How Hate has laced the Gujarat 2022 Election Campaign

From the Assam chief minister, Himanta Biswas Sarma to his UP counterpart, Ajay Bisht a la Adityanath and actor Paresh Rawal, the actor, hate speech is clearly the BJP’s preferred campaign weapon; speeches are likely to worsen after the first phase

Gujarat Campaign

There is an interesting section in the Representation of People Act of 1951, Section123 (a) that is meant to hold up the gold standard against corruption of the electoral process. Iterating that this gold standard has been tarnished time and again would amount to a tautology given the deep incursion of hate speech and writing in the electoral arena, election after election. Especially after the ascendancy and domination of a majoritarian worldview, in Indian politics.

“The promotion of, or attempt to promote, feelings of enmity or hatred between different classes of the citizens of India on grounds of religion, race, caste, community, or language, by a candidate or his agent or any other person with the consent of a candidate or his election agent for the furtherance of the prospects of the election of that candidate or for prejudicially affecting the election of any candidate,]” outlines section 123 (a).

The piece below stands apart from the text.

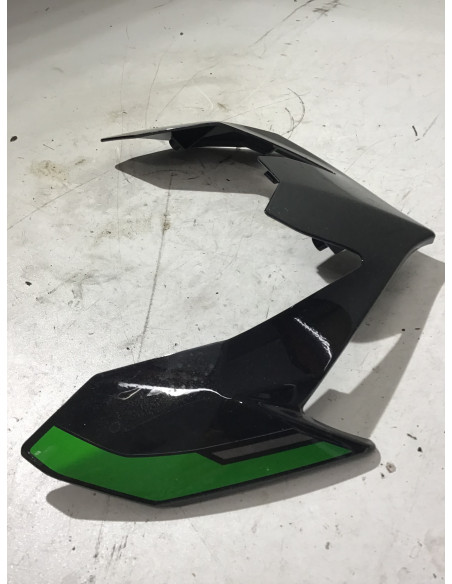 Entourage de phare KAWASAKI Z900 900 - 2020/2022 - 55028-0703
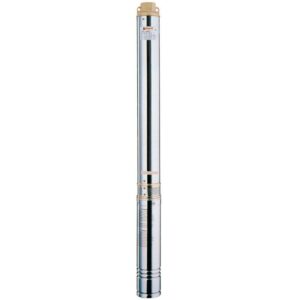 Αντλία Υποβρύχια Kraft 2Hp 4KWP-200/18Τ 1 1/4΄63533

The dazzling campaign for the 2022 Gujarat state assembly elections, underway for the past several weeks has been severely tarnished by repeated shards of hate; many of these highly publicized statements have come from elected officials of the ruling party at the Centre and in many states (the Bharatiya Janata Party-BJP), in fact from two chief ministers, both outdoing each other, Assam and Uttar Pradesh. The tone of course was set by none less than India’s powerful politician and union home minister Amit Shah and was rounded up by actor turned politician, Paresh Rawal.

Under statutory boundaries of Indian election law, the Election Commission of India (ECI), purportedly autonomous and independent is meant to monitor and prosecute instances of such deviations during political campaigns. That is, if deviant speeches that amount to a “corrupt practice” defined as “an attempt to promote feelings of enmity or hatred between different classes of the citizens of India on grounds of religion ete etc, the ECI is bound to take action. In the unforgettable 1980s, when this phenomenon –of misusing religion for political ends—first peaked, that too in Maharashtra – parties and candidates of errant parties tried often to wriggle out of responsibility by claiming that a campaigner for the same party, was not in law, the candidate who is bound under the law to bar herself/himself from recourse to such corrupt practices. In 2022, Shah, Adityanath, Himanta Biswas Sarma, Paresh Rawal are the “star” campaigners for the party that is seeking to romp back to power in the state.

The HM, Shah set the tone on November 16. During an election rally, the man congratulated Chief Minister Bhupendra Patel for having demolished illegal mazars or Muslim shrines that had “mushroomed” in Beyt Dwarka which a small island off Dwarka coast. As reported by Rediff.com Shah said “I want to congratulate CM Bhupendra Patel for demolishing illegal mazars (a Muslim shrine or enshrined tomb) and other illegal constructions which mushroomed in Beyt Dwarka (a small island off the coast of Dwarka) over years. There were more mazars than the population”.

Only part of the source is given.